The squadron selected for the reinforcement of Egypt was placed under the command of Counter-Admiral Honoré Joseph Antoine Ganteaume, a survivor of the Battle of the Nile and therefore an officer with experience of service in the Eastern Mediterranean. Under Ganteaume's command were three 80-gun and four 74-gun ships of the line, two frigates and a lugger which between them carried 5,000 troops as reinforcements for the Army in Egypt under General Jean Sahuguet. Rumours were spread that the expedition was destined for the Caribbean to oppose the Haitian Revolution, and demonstrations were arranged at every French Atlantic and Channel port, intended to confuse the British blockade squadrons as to which ships were actually sailing and which were only giving the impression of doing so. Ganteaume's squadron was ordered to sail from Brest on 7 January 1801, but the diversion plan was not successful, as the British squadron that was permanently maintained off Brest under Rear-Admiral Henry Harvey immediately gave chase to Ganteauame's ships as they emerged from the Passage du Raz. Within hours, Ganteaume had been forced to take shelter under the batteries at the mouth of the River Vilaine, pretending that his voyage had only been a feint like the other operations along the coast. A few days later he managed to slip back into Brest harbour.

On 23 January a heavy storm struck the Brittany coast, fierce northerly winds driving the British out to sea and leaving the entrance to Brest clear for Ganteaume's escape. Driving out through the Iroise, the French ships were scattered by the storm and several suffered damage to their masts. The squadron broke into two bodies: a main force of six ships of the line, one frigate and the lugger under Commodore Moncousu and a smaller force under Ganteaume, with one ship of the line and one frigate. Unobserved by the absent British, these forces passed southwest over the following five days, hoping to rendezvous at Cape Spartel. Both had encounters with scattered British warships: the larger body encountered the British frigate HMS Concorde under Captain Robert Barton at 09:00 on 27 January approximately 75 nmi northeast of Finisterre. Concorde was towing a seized Swedish merchant vessel, but abandoned the ship as soon as a ship of the line and the frigate Bravoure closed to investigate.

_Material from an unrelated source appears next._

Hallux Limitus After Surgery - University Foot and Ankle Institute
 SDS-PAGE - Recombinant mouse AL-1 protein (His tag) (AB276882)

Concorde initially retreated before the advancing ships, but at 6 nmi distant from the squadron turned to meet Bravoure, which was now advancing alone. As he approached, Captain Louis-Auguste Dordelin demanded that Barton surrender but was met with musket fire and both ships commenced a close range engagement with their main broadsides. For half an hour the battle continued until wreckage was seen falling from Bravoure and Barton ordered his ship to ceasefire on the assumption that the French ship had surrendered. In fact, Dordelin was hastily turning his ship back towards the squadron for support and although Concorde gave chase, Barton's rigging was too severely damaged to continue the operation, Concorde turning back towards Europe at 03:00 on 28 January. Although Bravoure could still be seen in the distance the following morning, the continued presence of Moncousu's ships rendered any further efforts to attack Bravoure too dangerous. The British ship had lost four killed and 19 wounded from a total of 244 crew members, the French ten killed and 24 wounded, including Captain Doredelin, who had lost a hand.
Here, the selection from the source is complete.